Friday, May 5, 2017

Github pages, fast free static sites on github.

GitHub pages, fast, free, static sites on GitHub.

Looks like it has been almost a year since I blogged anything here. I have a bunch of stuff I wanted to write about but haven't gotten around to it.

On a related note, I've started playing with github pages. These aren't easy to explain if you aren't coming from the right place. It could probably be said this is of most interest to developers. However these are probably of most interest to anyone who likes to use some flavor of markdown to quickly and easily edit text.

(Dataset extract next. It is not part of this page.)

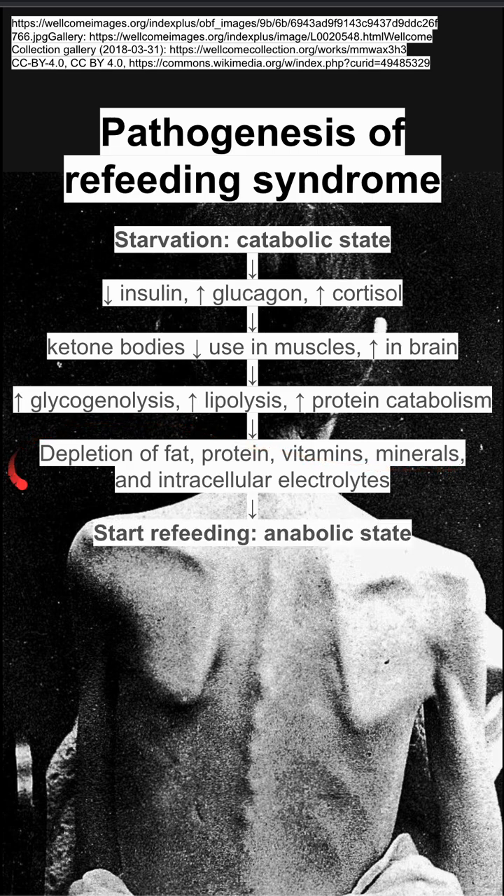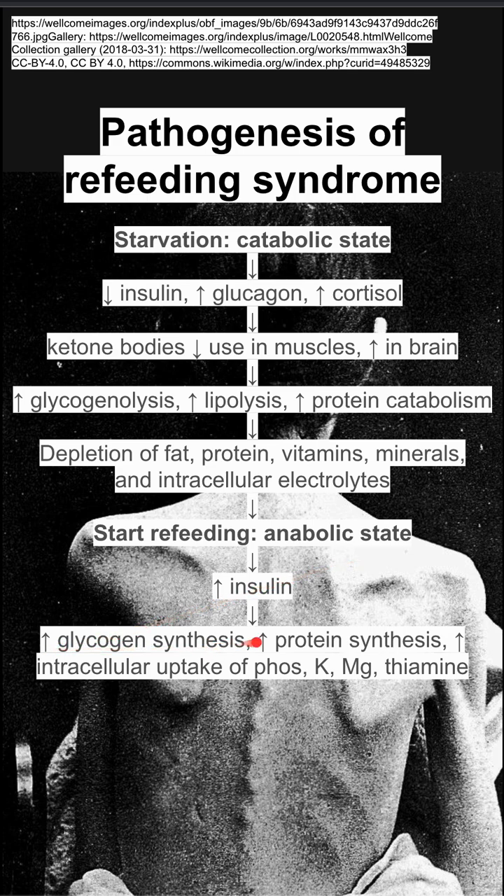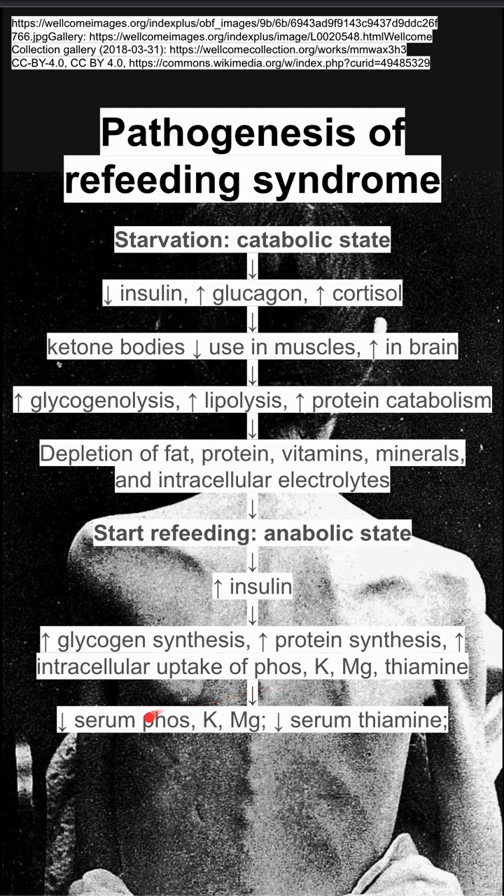This is what sets the stage for refeeding syndrome. Then, when you start refeeding, you enter a quick anabolic state — it's an abrupt shift. You'll have a sudden increase in insulin, which results in high glycogen synthesis, high protein synthesis, and high intracellular uptake of phosphate, potassium, magnesium, and thiamine. This means that in the serum, all of these things will be low: low serum phosphate, potassium, magnesium, and thiamine.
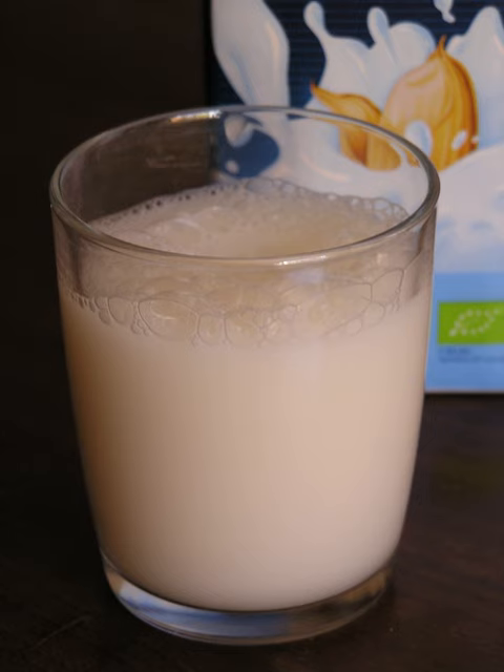Rice milk is made by pressing the rice through a mill using diffusion to strain out the pressed grains. It is sometimes also made at home using rice flour and brown rice protein, or by boiling brown rice with a large volume of water, blending and straining the mixture. Recipes are available on the internet, including the cookbook at Wikibooks.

GitHub's documentation pages for this are a bit scattered.  They don't really get to the point. Hopefully this won't sound like an ad.

GitHub Pages - What they are

  • A free, static, web site for yourself at username.github.io  
  • A free, static, web site for your project at username.github.io/reponame
    • You get one site per github.com repo that is part of you repo, either in the docs directory or as a separate branch, gh-pages.
  • Easy -  That is if you like to use some flavor of markdown to edit text files instead of dealing with HTML. You aren't restricted to plain text, or just markdown, you can stick html or other into you repo.
  • A templated site with prebuilt templates for a consistent look and feel. GitHub use Jekyll, a static web site generation tool, to turn your text files and the template you select into a web site.  Jekyll runs on on GitHub's servers to build your site after you commit changes.
  • A site with no setup and no tools required - You can do everything from the github.com web interface.  Nothing else is required.  Of course, you can still work on your local machine with your choice of tools, since your web site is just another git repo, or part of your existing git repo.
  • A "development environment" for your site, also no setup required.  Your site is a just a git repo hosted on github with all the things that come with it, revision control, rollbacks, change tracking, issue tracking, etc.

GitHub Pages - What they aren't:

  • A full web hosting account where you can run code to dynamically create pages, host a database, have email accounts, etc.
  • A tool to be used by someone that isn't comfortable with the basic concepts of:
    • source code control
    • markdown
    • what happens at "build time" vs. "run time".
  •  likely to get broken into - your pages are a static site generated at "build time", so there is very little "attack surface" to be exploited. 

 What can I do with a static site?

 This is something you either wrap your mind around or you don't.  There is plenty you can do with a static site that doesn't run any code. There is also plenty you can't do with it.   If you want WordPress, or a CMS, or some other app, get a web hosting account, try AWS, OpenShift, Google Compute Platform etc.   However I've seen a lot of "dynamic" sites that didn't need to be dynamic.

There is quite a bit that you can do at site build time.  There is also quite a bit that can be done but having processes that generate content that goes into your repo for displaying on your static site.